Reírse de la discapacidad: el peor chiste de Randazzo

Aníbal Florencio Randazzo me parece uno de los actores más interesantes que tiene el kirchnerismo. Me resulta muy superior a Scioli tanto en carisma como en capacidad técnica. En cuanto a lo último supera en creces la gestión de la Provincia de Buenos Aires y el área de gobierno que gestiona es una de las más eficientes dentro del Gobierno Nacional.

Más allá de la simpatía que me pueda generar, el otro día en una reunión albergada por el espacio ultrakirchnerista Carta Abierta, Randazzo entre chiste y chiste pronunció una frase que hizo estallar al auditorio en risas y aplausos: “Yo decido ser candidato, porque en aquella circunstancia, Cristina estaba en estado convaleciente (…). Habíamos perdido la elección. Y empezaba a estar la idea latente de que Cristina no podía ser reelecta y el proyecto se quedaba manco

Entiendo que uno a veces quiera hacerse el gracioso y se sienta tentado a robar una risa de más a costa de alguien. El problema es que cuando repetimos determinados patrones de conducta socialmente establecidos contribuimos a perpetuar un problema que hoy afecta de manera concreta a una importante cantidad de la población argentina. Si bien los amputados representan sólo una porción del universo de personas con discapacidad, mofarse de uno alimenta valoraciones negativas que promueven la segregación.
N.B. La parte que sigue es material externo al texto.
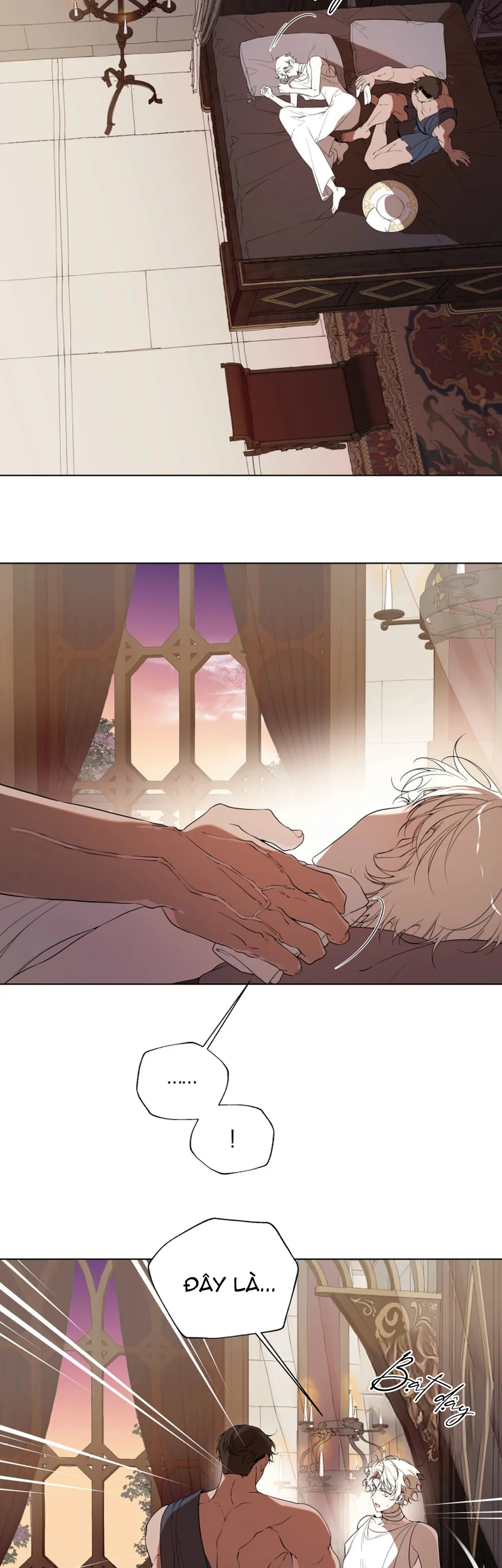 PSYCHE Chapter 17 Trang 13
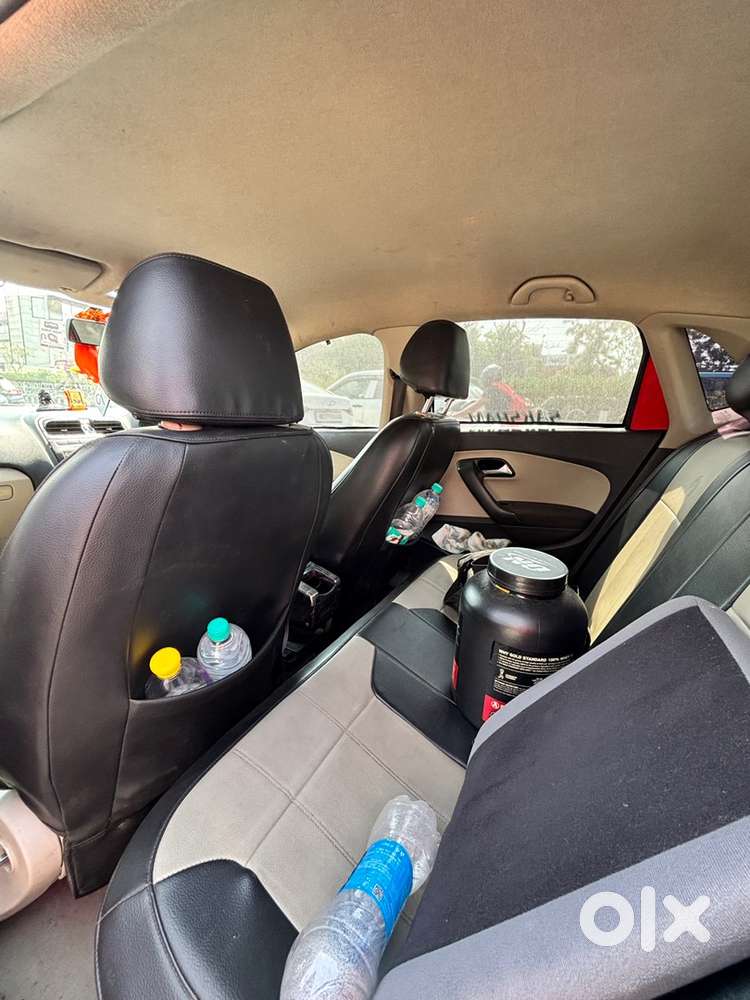 Volkswagen Polo 1.2 Mpi 2014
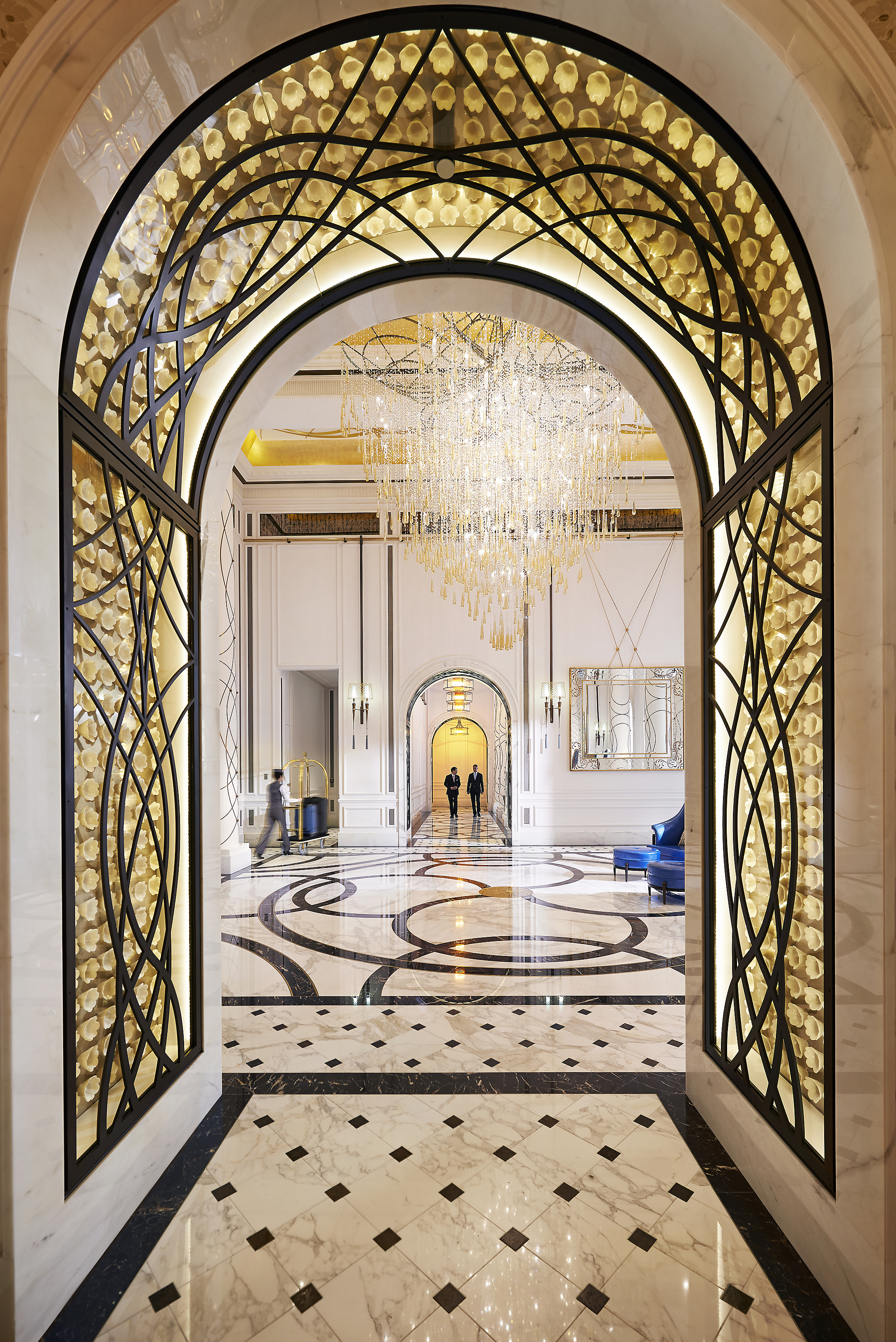 Creative Interior Design & Office Fit Out Shenzhen
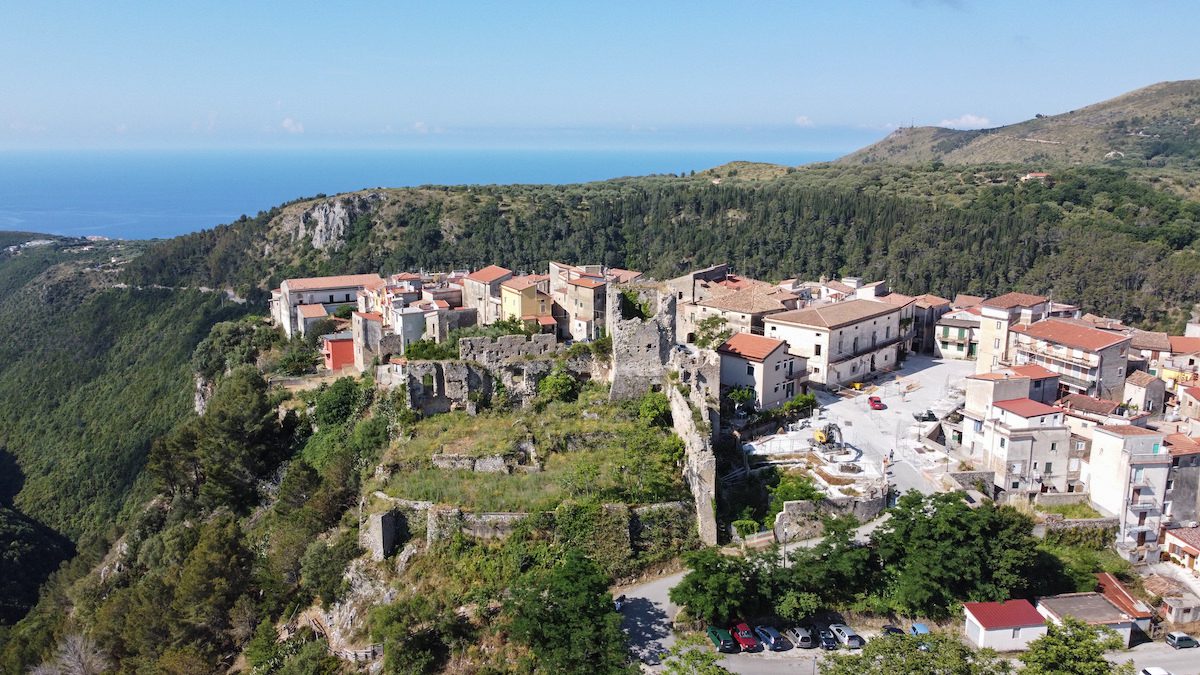 Tutto pronto per l’ottava edizione del Camerota Festival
No tengo intención de ser tremendista. Pero la incorporación laboral de las personas con discapacidad laboral es un gran desafío pendiente en nuestro país y representar que el problema de un proyecto es que se quede “manco” es ofensivo por doble vía. Ofensivo con un compañero suyo en lo particular y con el universo de “mancos” en general.

Creo que una de las claves para lograr una mayor integración de las personas con discapacidad en nuestra sociedad implica tener una mayor conciencia de las implicancias de determinadas palabras y del efecto que podemos tener al pronunciarlas. Si Randazzo no es capaz de controlar lo que sale de su boca, difícilmente sea capaz de controlar los asuntos de un país.

Las personas con discapacidad merecen respeto y no podemos darnos el lujo (?) de tener dirigentes que repliquen la imagen social de incapacidad que se asocia de manera discriminatoria a la discapacidad.